Woher kommt diese Einteilung? Geht sie vielleicht auf die römische Mischverfassung zurück, in der bestimmte Stände (Senat) sowie Städte (Bürger Roms) ein Mitspracherecht hatten?
 
Erstens dauerte das Mittelalter eine ganze Weile und da wird es sicherlich je nach betrachtetem Zeitraum Unterschiede geben.

Zweitens gab es im Mittelalter in Europa unterschiedliche Länder bzw. Reiche, in denen die Entwicklungen unterschiedlich verliefen.

Bevor man deine Frage also beantwortet, solltest du sie vielleicht etwas einschränken. Ansonsten wird das wohl etwas oberflächlich oder nur ein Stückwerk aus verschiedenen Beispielen ohne echten Bezug zueienander bleiben.

Für das heilige römische Reich möchte ich mal annehmen, dass da durchaus ein paar römische Traditionen hängengeblieben sind. Aber das war mit Sicherheit nicht alles. Auch germanische Traditionen wurden mit Sicherheit nicht einfach aufgegeben. Deutlich wird das z. B. an den ganzen Prozeduren der Königswahlen. Das Wahlkönigtum entsprang mehr der germanischen Tradition, das Erbkönigtum der römischen. Man musste dann Wege finden, beides miteinander zu vereinbaren (das ist jetzt natürlich sehr vereinfacht).

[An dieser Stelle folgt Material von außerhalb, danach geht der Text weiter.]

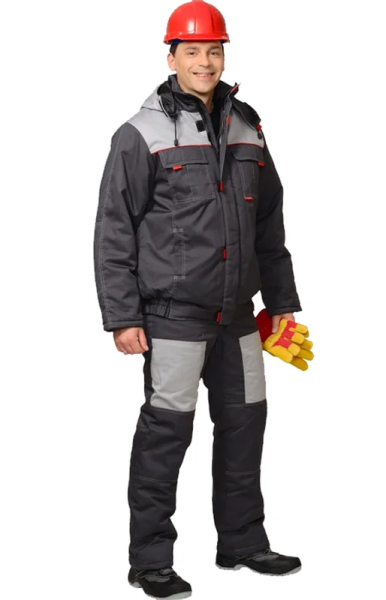 Костюм рабочий СИРИУС-ФАВОРИТ зимний, куртка кор, п_к, темно-серый с серым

Bei der Mitsprache bestimmter Personen beim "Regieren" wird das ähnlich gewesen sein. Auch hier hier mussten wohl römische und germanische Traditionslinien unter einen Hut gebracht werden. Das war aber mit Sicherheit ein Prozess, der sich hinzog und Veränderungen unterworfen war. Deshalb rege ich einfach nochmal eine etwas konkretere Fragestellung (Zeitraum, Region) an.

Viele Grüße

Bernd
 
Im Mittelalter hatten die Stände, in Form iher Versammlungen, immer bestimmte (mitsprache)rechte gegenüber den Potentaten und Herrschern. Woher kommt diese Einteilung? Geht sie vielleicht auf die römische Mischverfassung zurück, in der bestimmte Stände (Senat) sowie Städte (Bürger Roms) ein Mitspracherecht hatten?

Ein Recht zur Beratung des Kaisers und zur Mitsprache in Reichsangelegenheiten hatten im mittelalterlichen Deutschen Reich die Fürsten und Grafen mit Reichsstandschaft, also diejenigen, die eine Viril- oder Kuriatstimme im Reichstag führen durften. Im späten Mittelalter kam noch die Städtebank hinzu, die die Reichsstädte besetzen durften.

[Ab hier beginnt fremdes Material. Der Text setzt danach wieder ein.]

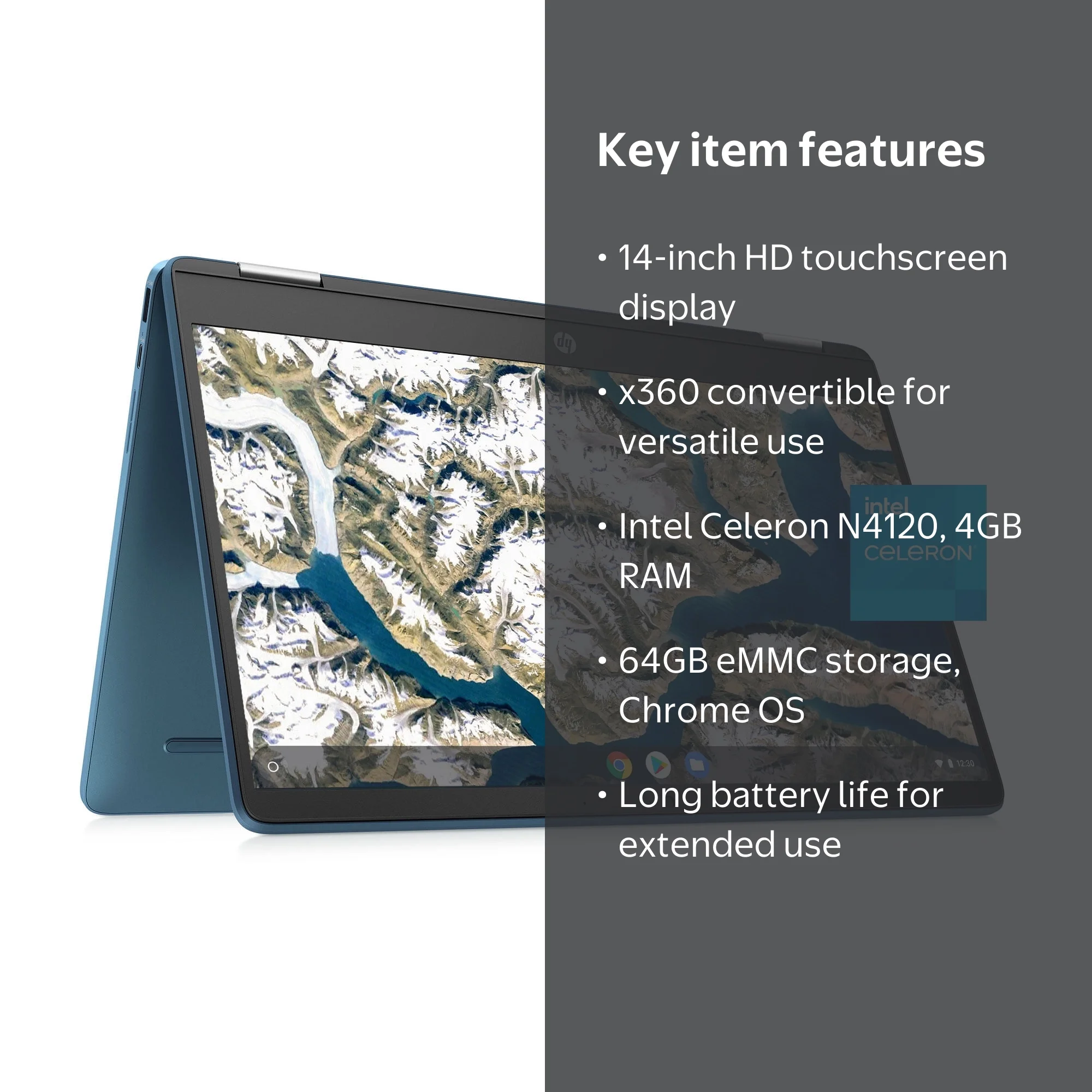 HP, 14 Inch Touch Chromebook, Forest Teal, Intel Celeron N4120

Dass die Großen eines Landes an der Regierung beteiligt waren, dem konnte sich ein Herrscher schwerlich entziehen. Andernfalls wären Revolten und Erhebungen ausgebrochen, sodass jeder König darauf sehen musste, die Macht zwischen Herrscher und Adel klug auszubalancieren. Das gelang einigen sehr gut, anderen weniger.

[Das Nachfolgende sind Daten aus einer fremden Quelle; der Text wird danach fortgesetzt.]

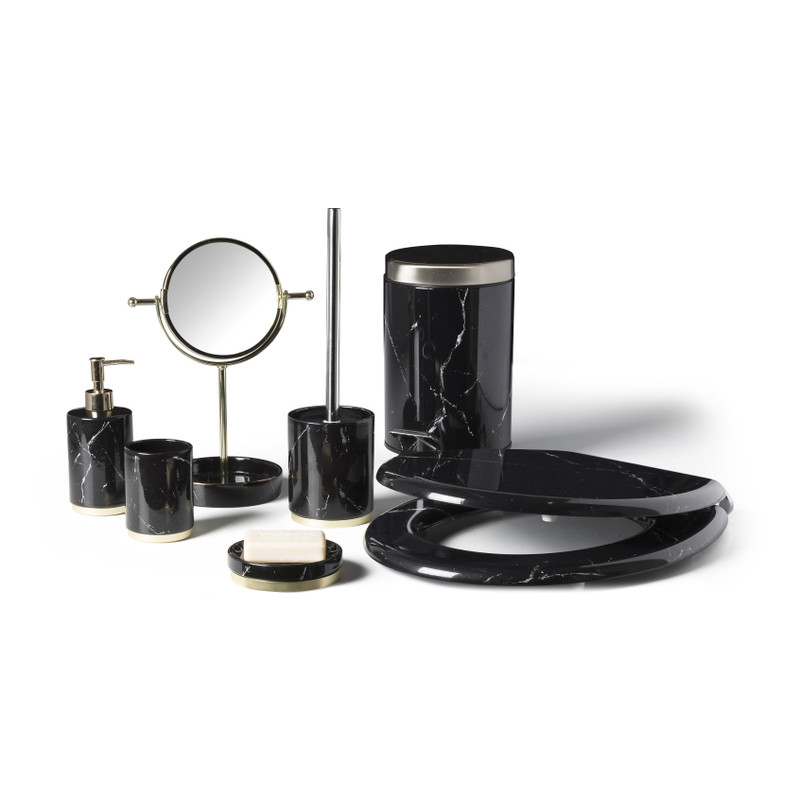 Spiegel marmer -zwart/goud - 23x25x33 cm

Die Frage war allerdings, wer das Recht haben sollte, aif Reichstagen zu erscheinen. Dafür kamen nach einer sich im 12. Jh. verbreitenden Auffassungnur nur solche Adligen infrage, die reichsunmittelbar waren und lehnsrechtlich direkt dem Kaiser unterstanden. Und so bildete sich seit dem 12. Jh. eine Schicht von Reichsfürsten heraus, die Sitz und Stimme im Reichstag erhielten. Dazu zählten geistliche und weltliche Reichsfürsten, die entweder seit alters her als solche betrachtet wurden - z.B. die Markgrafen von Brandenburg, die Pfalzgrafen bei Rhein, die Herzöge von Bayern oder die Herzöge von Sachsen - und später solche, die ausdrücklich vom Kaiser in den Reichsfürstenstand erhoben wurden, wie z.B. die Herzöge von Braunschweig-Lüneburg, die Landgrafen von Hessen, die Herzöge von Mecklenburg oder die Herzöge von Württemberg. Ebenfalls Stimmrecht erhielten die nichtfürstlichen aber reichsunmittelbaren Grafen, die in verschiedenen Kurien zusammengefasst waren, die jeweils eine Kuriatstimme (Gesamtstimme) führten.

Wie sich der Reichsfürstenstand im einzelnen herausbildete, ist allerdings bis heute von der Forschung noch nicht restlos geklärt. Auf jeden Fall zog sich dieser Prozess bis ins 14. Jh. hin.